Immigration causing unemployment for Britons
London, Apr 6 (UNI) Mass immigration has led to a fall in the number of Britons with jobs, according to official figures.
Since 2004, when citizens of eight central and eastern European countries were given the right to work in Britain, the number of UK-born people working here has fallen by 500,000, from 24.4 million to 23.9 million, the Office for National Statistics (ONS) revealed Over the period, the number of migrants in work, including people born abroad but now naturalised as British citizens, rose by 1.1 million to 3.3 million. They now make up one in eight of the workforce, it said.
The figures provide the strongest evidence yet that Britons have lost their jobs to immigrants, a leading expert on immigration said.

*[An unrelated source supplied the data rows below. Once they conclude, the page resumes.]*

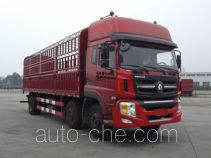 Sinotruk CDW Wangpai CDW5250CCYA1T4 грузовик с решетчатым тент-каркасом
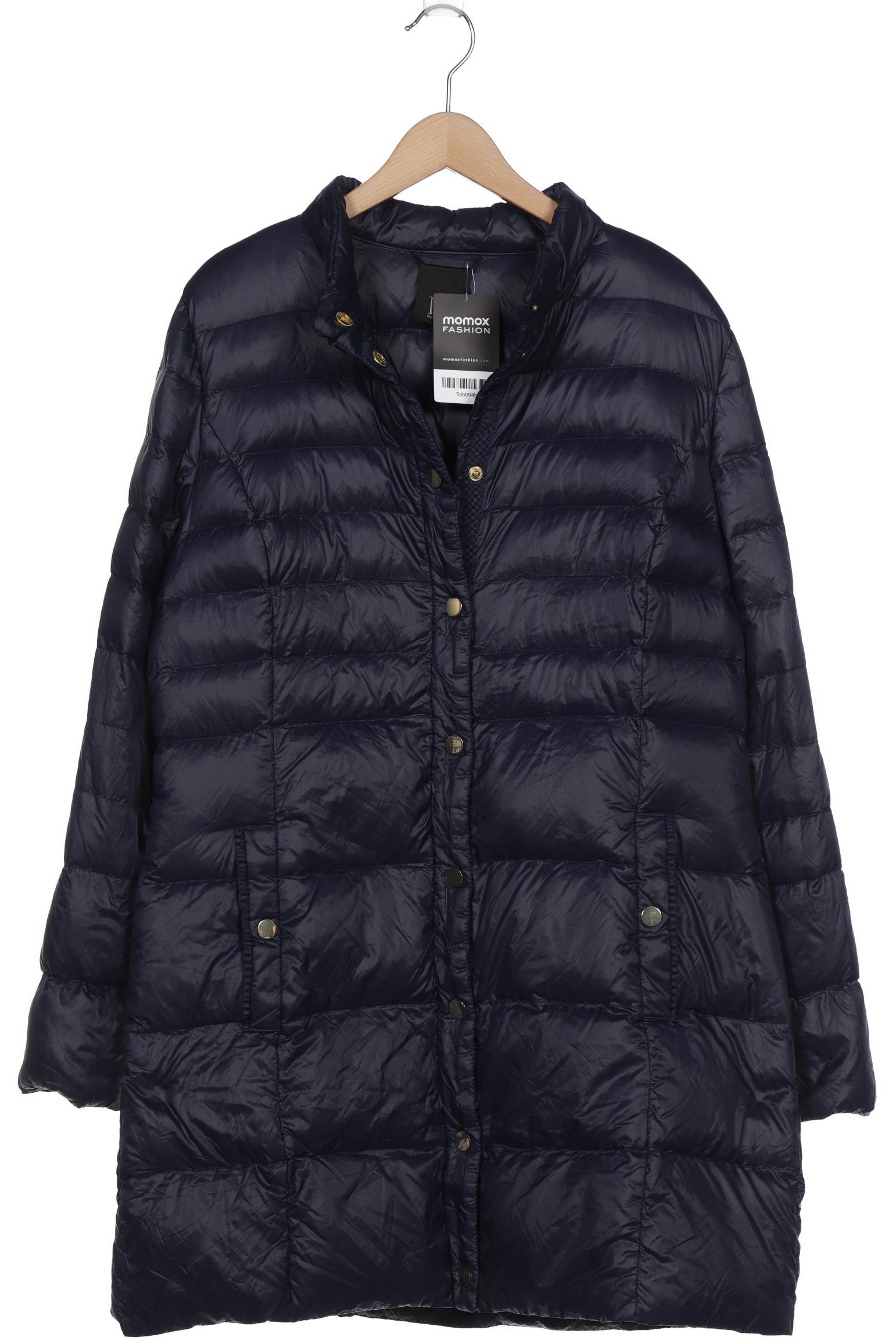 

Best Connections by heine Damen Mantel, blau, Gr. 38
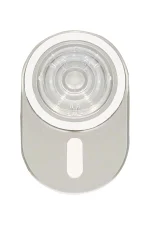 Newface Kickstand Renkli Magsafe Stand - Beyaz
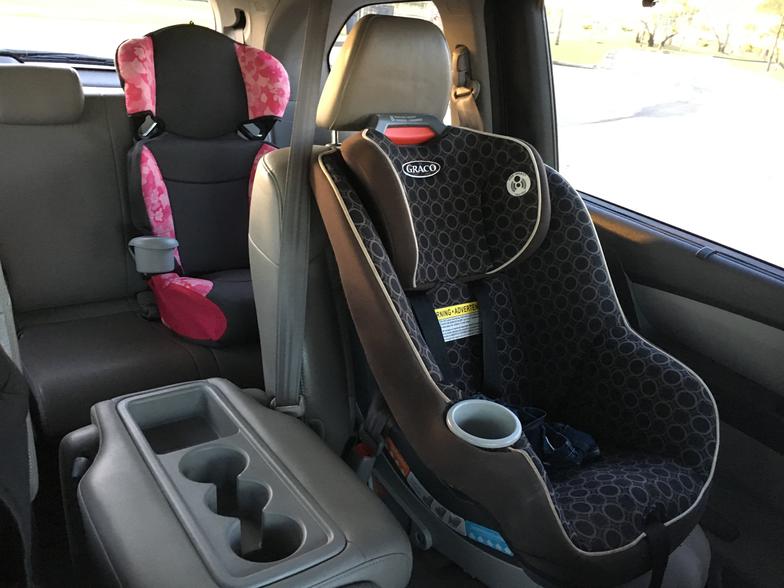 text call 850-374-4494 for shuttle baby seats today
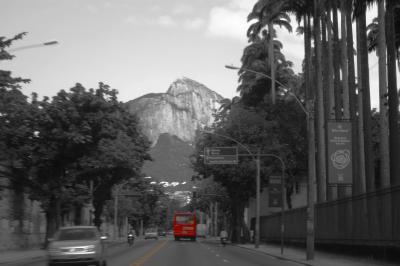 street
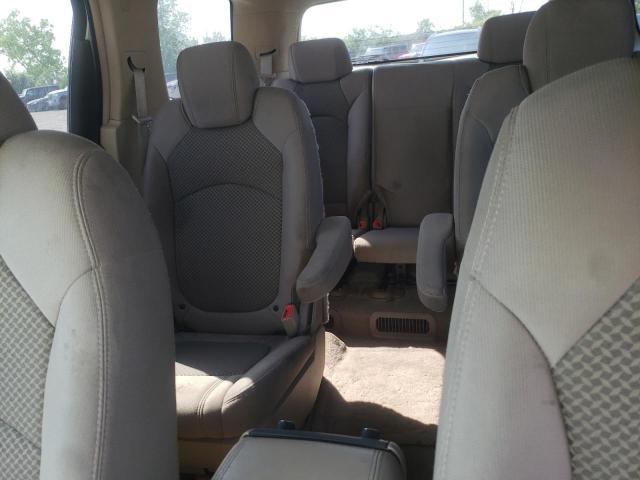 5GZER23778J247018 - 2008 SATURN OUTLOOK XR WHITE photo 10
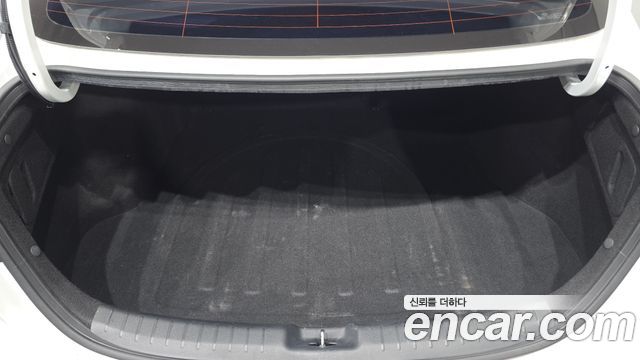 Kia K3 2021 — photo 23
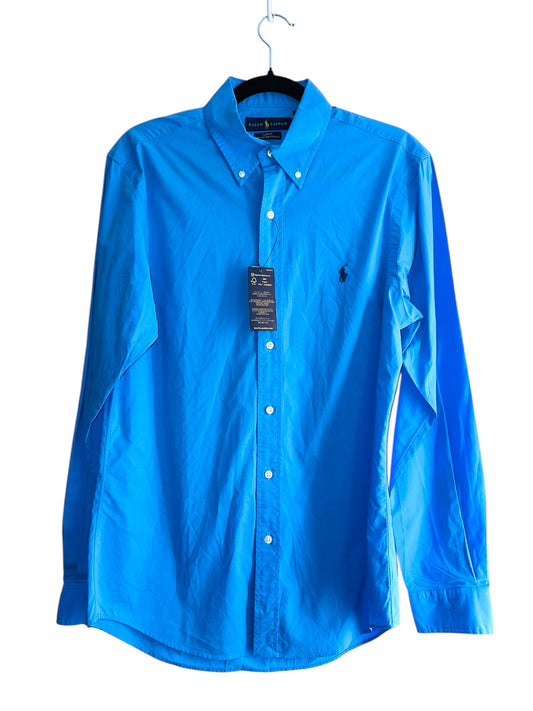 CAMISA POLO RALPH LAUREN TALLA “M” SLIM FIT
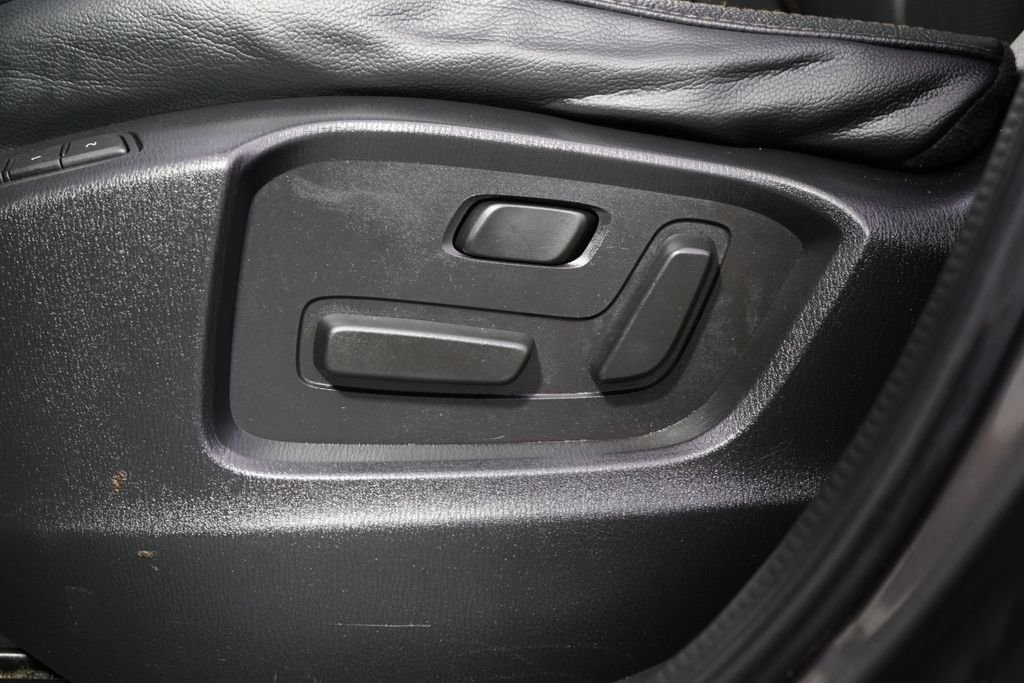 Used 2017 Machine Gray Mazda Grand Touring image 14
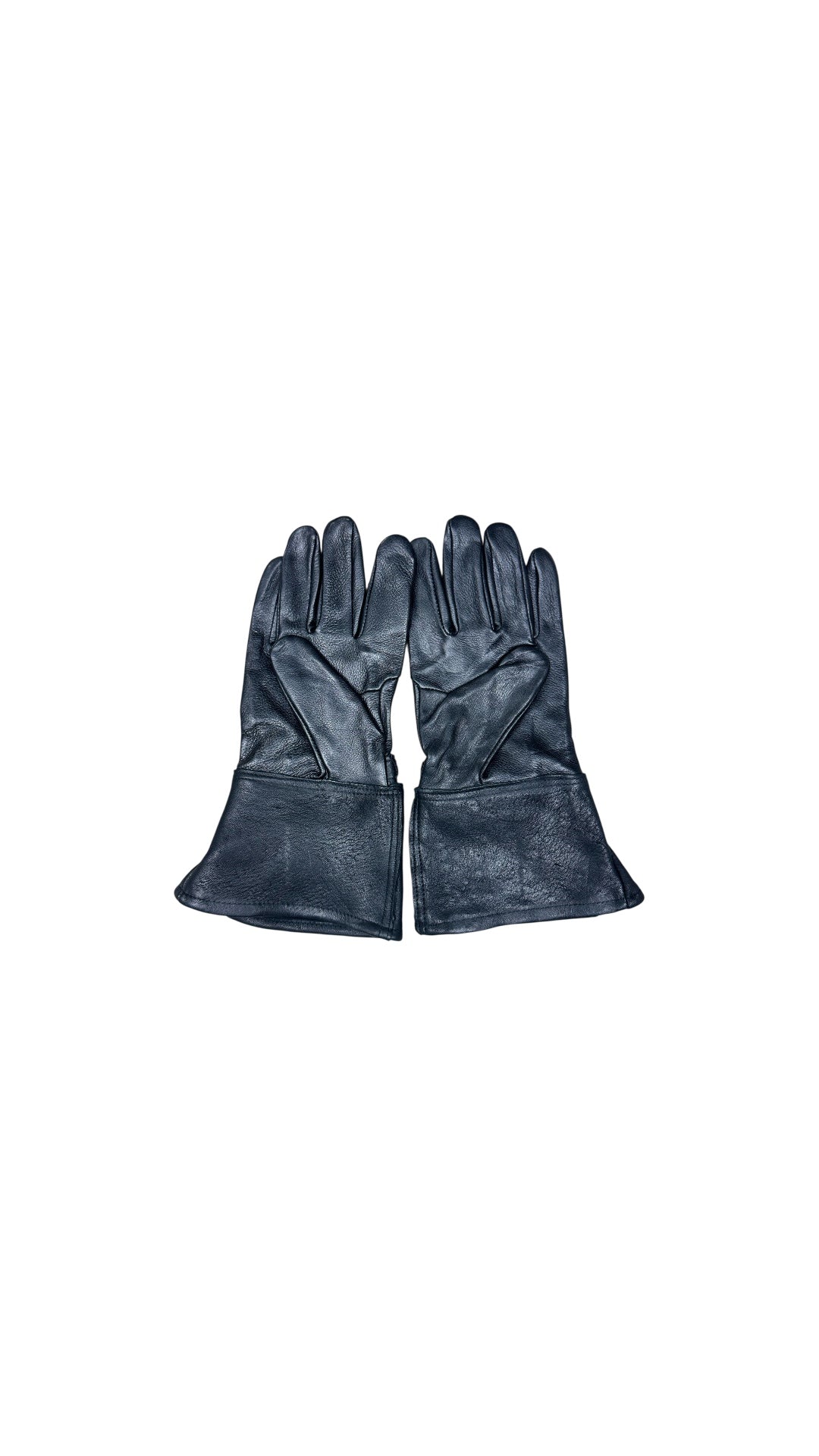 STORMRIDERS LEATHER GLOVES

The Daily Telegraph quoted Robert Rowthorn, a Cambridge University professor who uncovered the findings, as saying, ''It seems hard to deny that immigration from the new EU member states has had a negative impact on the employment of UK natives.'' The ONS figures showed that between 2001 and 2007 the number of UK-born British nationals in employment fell by 495,000.
Prof Rowthorn said the most likely victims were British-born school-leavers who had never had a job, having failed to find the kind of casual work they might have walked into a few years ago.
''We are looking at the most vulnerable, least skilled and in some ways least motivated members of the local workforce. The problem that eastern European migrants pose is that they are good workers,'' he added.